À mesure que les modèles d’intelligence artificielle évoluent, apprenant à partir de modèles, d’images, de vidéos et de textes stylisés, la typographie prend une nouvelle dimension. Une police à empattement dans une image devient alors plus qu’une simple décoration : elle devient donnée. La manière dont les lettres se forment, se superposent ou se déforment contribue à ce que la machine comprend de la communication, de l’esthétique et de l’émotion. Depuis des millénaires, la typographie a été façonnée pour servir la lisibilité et la compréhension humaines. Désormais, le design humain enseigne aux machines à lire l’humanité. Lorsqu’un modèle « voit » une affiche en Futura, une marque en Helvetica ou un article en Garamond, il apprend les codes latents du style et de la culture. Il apprend à quoi ressemble l’autorité. Il apprend à quoi ressemble l’élégance. Il apprend à quoi ressemble la confiance.

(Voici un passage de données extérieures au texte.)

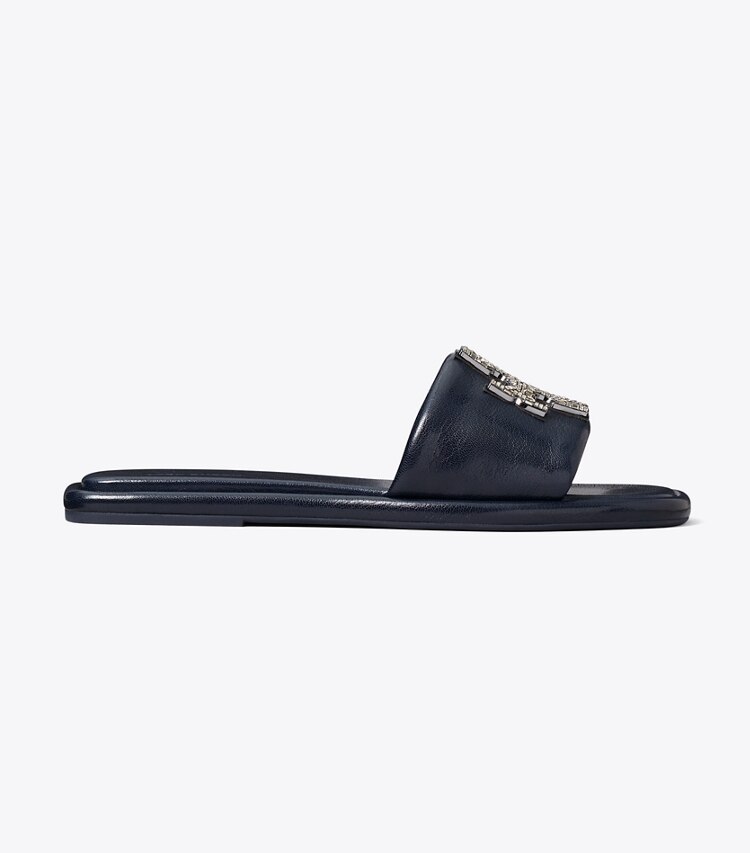 Tory Burch designer sandales Claquettes Deco Double T in NEW NAVY side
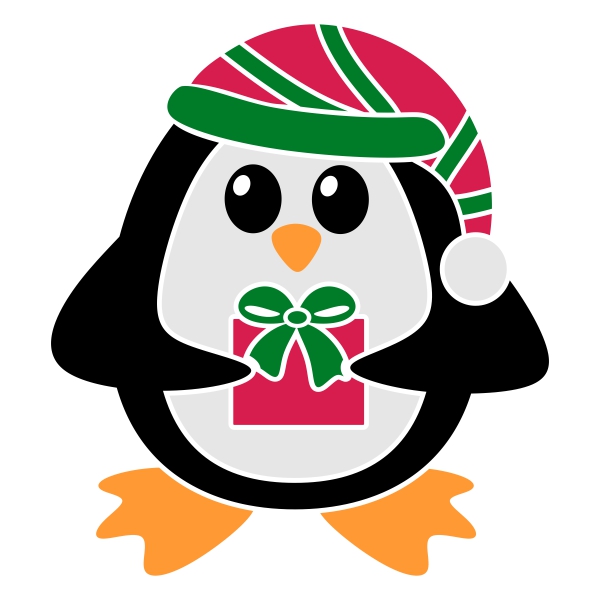 Penguin with Christmas Gift SVG Cuttable Designs
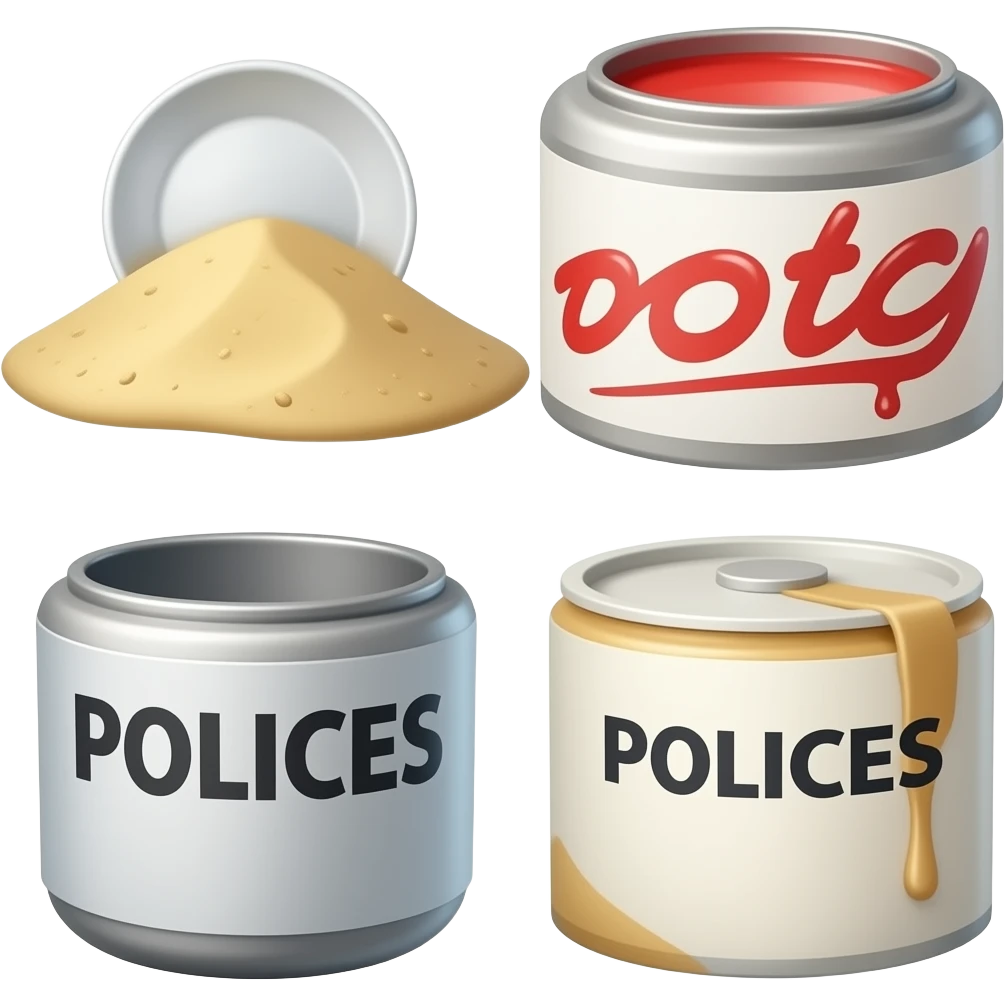 Collage of sand, kitchenware, policies, paint emoji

Cela ouvre des perspectives, mais aussi des responsabilités.
Le secteur créatif fait face à un nouveau niveau d’attribution. À qui appartient l’ADN esthétique dont les modèles s’inspirent ? Lorsqu’une police apparaît dans une image récupérée sur le web, les pixels peuvent refléter toute une vie de travail d’un designer. C’est pourquoi les licences éthiques sont essentielles, non seulement pour les designers et les marques, mais aussi pour ces nouveaux « lecteurs machines » qui dépendent de notre culture visuelle comme matière première. Chez Monotype, et plus particulièrement chez MyFonts, nous aidons depuis des décennies les humains à trouver la bonne police. Il est maintenant temps pour l’industrie typographique d’apprendre aux machines à la respecter.
Imaginez un futur où les polices sous licence seraient accompagnées de métadonnées structurées indiquant aux modèles d’IA ce qu’elles représentent, et pas seulement à quoi elles ressemblent. Un futur où un modèle pourrait apprendre, à partir de données autorisées, la paternité du design, la provenance, l’intention, la licence et les résultats.
La typographie a toujours été le reflet de l’intention humaine. Qu’elle soit gravée dans la pierre, fondue en plomb ou rendue en pixels, elle raconte comment nous transmettons le sens. Aujourd’hui, alors que l’IA apprend à nous voir, nous avons l’occasion de lui apprendre aussi à respecter ce qu’elle voit. Car au bout du compte, même lorsque les machines lisent le monde, c’est le design humain qui lui donne sa forme.